● EXERCISE PROMPT: Please return the full listing exactly as written, with the images removed.

SUPPLIED DATA START

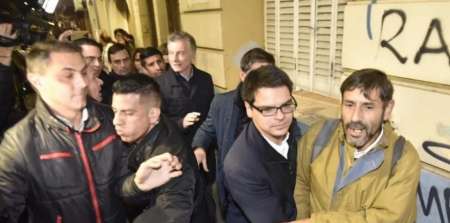 Increparon a Macri antes de entrar a un restaurante de Córdoba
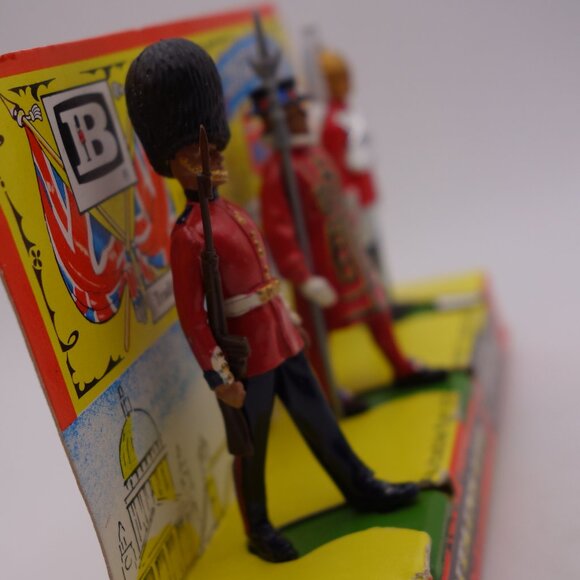 Britains Ltd Three Figure New Metal Walthamstow London E17 Printed in England - Picture 15 of 16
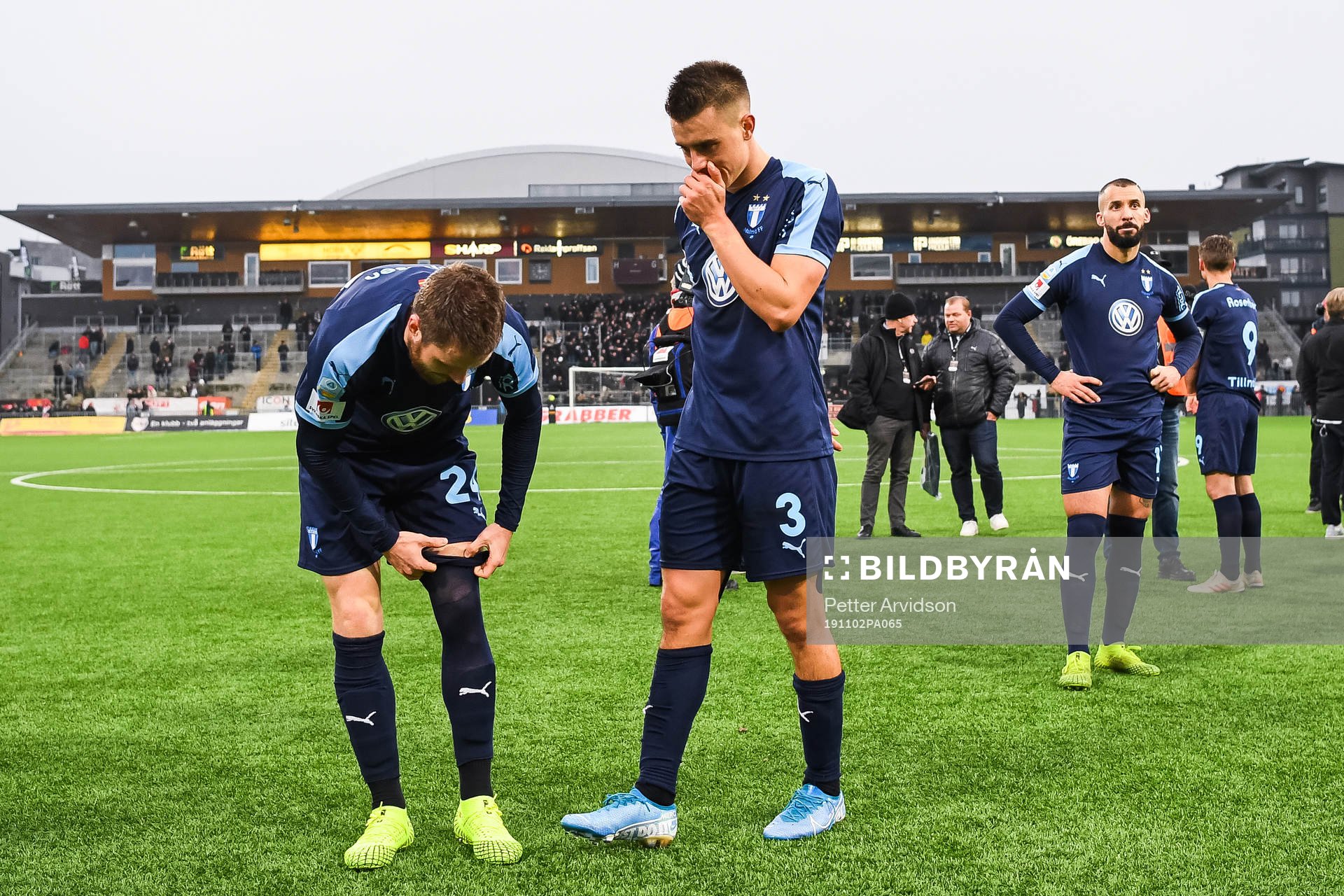 Malmö FFs Lasse Nielsen och Jonas Knudsen deppar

SUPPLIED DATA END

● OUTPUT OF THE EXERCISE:
 Increparon a Macri antes de entrar a un restaurante de Córdoba
 Britains Ltd Three Figure New Metal Walthamstow London E17 Printed in England - Picture 15 of 16
 Malmö FFs Lasse Nielsen och Jonas Knudsen deppar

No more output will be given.